The most confounding element of the UVa offense thus far has been the lack of involvement from the wide receiving corps. Considered one of the strengths of the team coming into the 2013 season, Virginia wideouts are not targeted with regularity. Dominique Terrell has only three catches for eight yards. Tim Smith, the top receiver on the depth chart, has only five receptions. The leading receiver in terms of yards is Zachary Swanson, the back up tight end. This is not a formula for long term success. If Virginia does not at least threaten to throw the ball vertically on occasion, opposing defenses will continue to put eight or nine players in the box.

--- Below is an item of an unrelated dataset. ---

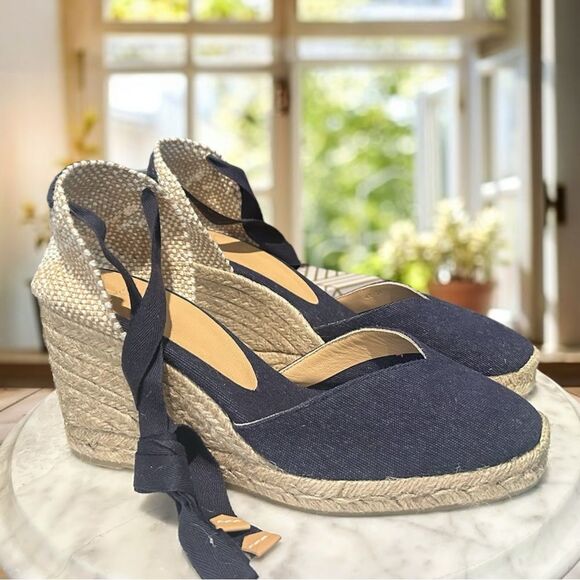 Castañer Jute Espadrille Handmade In Spain Platform Wedges Size 41 - Picture 10 of 16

2) David Watford is not ready for the starting role. After the dismissal of Phillip Sims in the offseason, Watford emerged as the clear starter at quarterback. According to all media reports from camp, Watford distinguished himself from redshirt freshman Greyson Lambert. He is unquestionably the best option UVa has at the moment. However, he has struggled out of the gate. The raw numbers aren't pretty-Watford has one touchdown and four interceptions. He has a tendency to overthrow, as both deep passes thrown during the Oregon game were five yards beyond open receivers. Watford simply does not appear comfortable in the pocket. He appears anxious to get rid of the ball, too often opting for the check down receiver instead of allowing plays to develop.
There is no questioning Watford's skill set and leadership in the huddle. Still, at the moment, he is not making the necessary throws to spur the offense. This leads to a "chicken-egg" debate about the Cavaliers' offense: Is David Watford struggling because of the play-calling, or is Fairchild opting for conservatism because he knows Watford is not completely comfortable with the playbook?

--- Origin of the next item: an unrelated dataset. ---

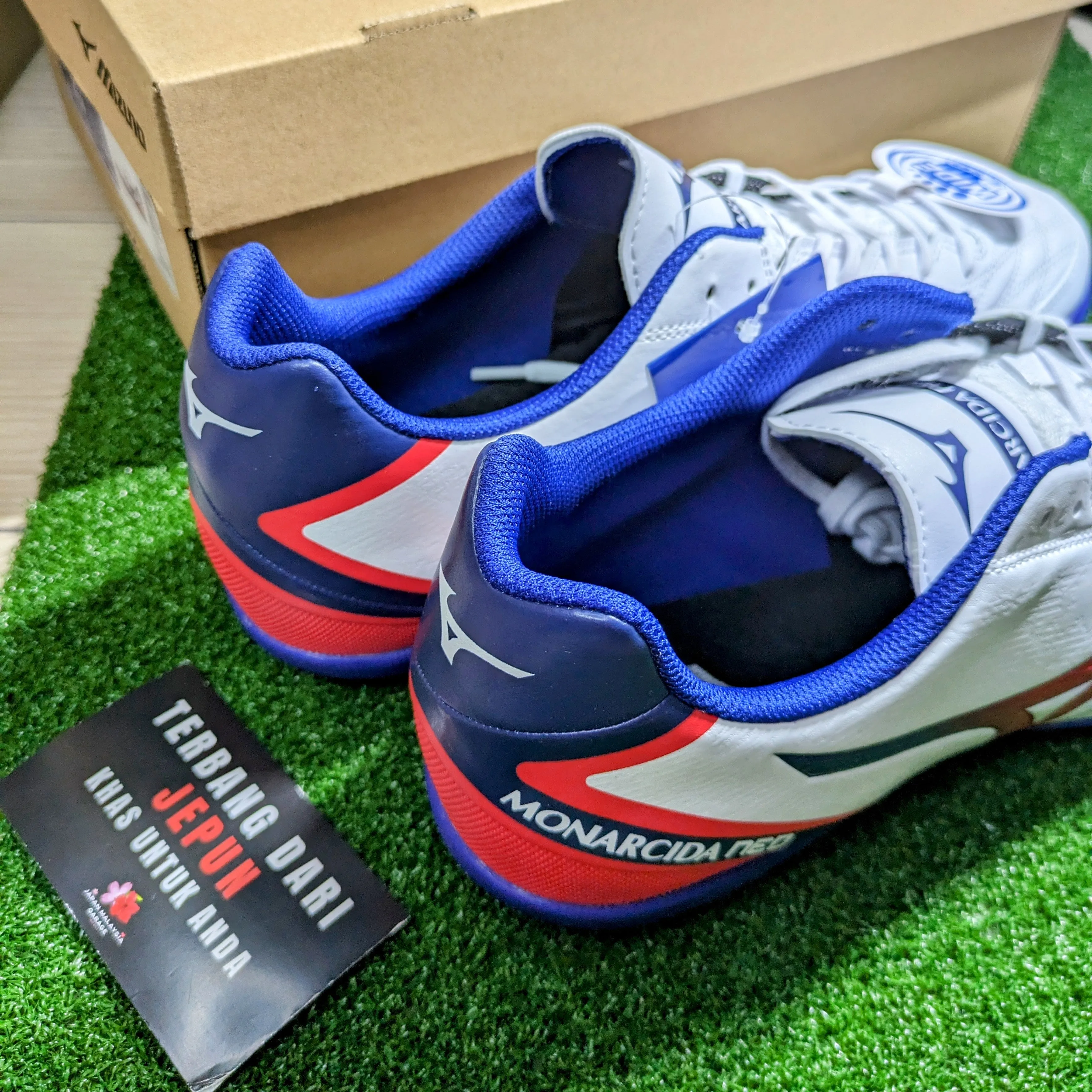 Mizuno Monarcida Neo Sala Select TF(White/Red/Blue)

3) The offensive line is a liability. Watford's discomfort in the pocket may have something to do with the porous play from the offensive line. With the exception of a single run from Khalek Shepard against Oregon, Virginia's running attack has been stifled. Running lanes simply are not emerging. Dynamic players such as Kevin Parks and Taquan Mizzell have been bottled up because of a lack of push up front. Though UVa has allowed few sacks thus far, teams have successfully used blitzes to disrupt the offense.
Aside from Morgan Moses, the offensive line was a concern coming into the season. Walk-on redshirt freshman Jackson Matteo was given the reigns at center. First time starter Jay Whitmire won the starting job at right tackle. An injury to Sean Cascarano forced junior Conner Davis to play at right guard for the first time. This inexperience has hurt Virginia, and especially Watford who is learning on the fly after a redshirt season.
4) Scheduling. Some of UVa's struggles must be credited to the quality of the opponents. BYU and Oregon are strong defensive teams. These are not the teams you want to play when breaking in a new playcaller, quarterback, and offensive line. While the schedule lightens considerably in the coming weeks, UVa still has to play at Miami, Clemson, and Virginia Tech this season. The offense needs to improve considerably to have any chance in these games.
All of these factors are likely causes of UVa's offensive struggles. The problem for the Cavaliers is that none of these issues can be easily addressed. The quarterback and line will need time to develop. Fairchild's pro-style offense is unlikely to become more dynamic overnight. This suggests that the remaining ten games on the schedule could be tough sledding for an already anemic offense.